### HOW TO COMPLETE THIS TASK
Report the count of lines below that include "Photo", without any other text.

******

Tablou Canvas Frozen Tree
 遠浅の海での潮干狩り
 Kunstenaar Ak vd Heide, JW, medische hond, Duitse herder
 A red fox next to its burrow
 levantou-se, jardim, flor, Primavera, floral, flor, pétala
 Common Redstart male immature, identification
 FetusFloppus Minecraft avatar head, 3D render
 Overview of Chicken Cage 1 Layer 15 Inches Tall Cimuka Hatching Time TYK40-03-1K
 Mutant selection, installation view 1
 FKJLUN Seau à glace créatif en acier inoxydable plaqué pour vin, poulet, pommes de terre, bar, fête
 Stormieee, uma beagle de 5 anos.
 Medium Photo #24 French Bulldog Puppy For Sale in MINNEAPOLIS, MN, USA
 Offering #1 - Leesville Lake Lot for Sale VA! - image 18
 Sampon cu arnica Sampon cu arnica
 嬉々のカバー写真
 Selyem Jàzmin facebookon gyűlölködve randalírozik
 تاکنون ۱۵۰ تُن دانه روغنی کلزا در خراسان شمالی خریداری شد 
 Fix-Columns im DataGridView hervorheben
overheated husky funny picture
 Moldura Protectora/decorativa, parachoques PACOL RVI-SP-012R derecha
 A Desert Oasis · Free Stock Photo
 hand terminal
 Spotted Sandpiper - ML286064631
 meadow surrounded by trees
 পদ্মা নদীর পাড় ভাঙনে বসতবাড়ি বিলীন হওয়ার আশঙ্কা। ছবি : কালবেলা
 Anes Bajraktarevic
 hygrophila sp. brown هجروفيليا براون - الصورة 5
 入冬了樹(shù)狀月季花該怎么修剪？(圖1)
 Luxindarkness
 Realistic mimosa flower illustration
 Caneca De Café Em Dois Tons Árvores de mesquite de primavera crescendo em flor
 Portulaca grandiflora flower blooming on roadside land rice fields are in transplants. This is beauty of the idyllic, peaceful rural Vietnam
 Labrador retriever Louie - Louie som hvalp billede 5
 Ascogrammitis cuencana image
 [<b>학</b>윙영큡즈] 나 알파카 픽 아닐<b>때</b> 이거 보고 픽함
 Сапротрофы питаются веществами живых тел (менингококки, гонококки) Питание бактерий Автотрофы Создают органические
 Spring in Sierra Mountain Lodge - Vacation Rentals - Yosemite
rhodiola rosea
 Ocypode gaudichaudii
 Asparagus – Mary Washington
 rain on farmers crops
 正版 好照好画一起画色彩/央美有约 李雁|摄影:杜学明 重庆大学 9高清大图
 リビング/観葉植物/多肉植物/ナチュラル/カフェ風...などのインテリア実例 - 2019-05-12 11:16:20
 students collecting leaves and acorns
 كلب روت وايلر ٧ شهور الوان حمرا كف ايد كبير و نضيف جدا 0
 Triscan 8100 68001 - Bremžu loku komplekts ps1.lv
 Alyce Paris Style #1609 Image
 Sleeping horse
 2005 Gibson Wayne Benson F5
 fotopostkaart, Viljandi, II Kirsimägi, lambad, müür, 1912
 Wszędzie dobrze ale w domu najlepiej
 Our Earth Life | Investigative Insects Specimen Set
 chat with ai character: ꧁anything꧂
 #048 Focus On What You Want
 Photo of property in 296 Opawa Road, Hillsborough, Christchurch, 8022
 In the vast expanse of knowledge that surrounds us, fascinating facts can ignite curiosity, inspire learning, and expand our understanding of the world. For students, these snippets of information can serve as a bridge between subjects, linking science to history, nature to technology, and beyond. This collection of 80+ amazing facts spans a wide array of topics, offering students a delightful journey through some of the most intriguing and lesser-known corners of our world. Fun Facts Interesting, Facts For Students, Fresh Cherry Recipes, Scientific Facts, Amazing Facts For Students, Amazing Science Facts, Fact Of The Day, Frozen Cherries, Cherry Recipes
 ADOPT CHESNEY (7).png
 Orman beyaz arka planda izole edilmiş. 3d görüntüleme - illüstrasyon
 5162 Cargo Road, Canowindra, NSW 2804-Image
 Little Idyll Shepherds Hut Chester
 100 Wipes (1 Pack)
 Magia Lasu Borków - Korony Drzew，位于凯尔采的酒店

******

### EXERCISE SOLUTION
3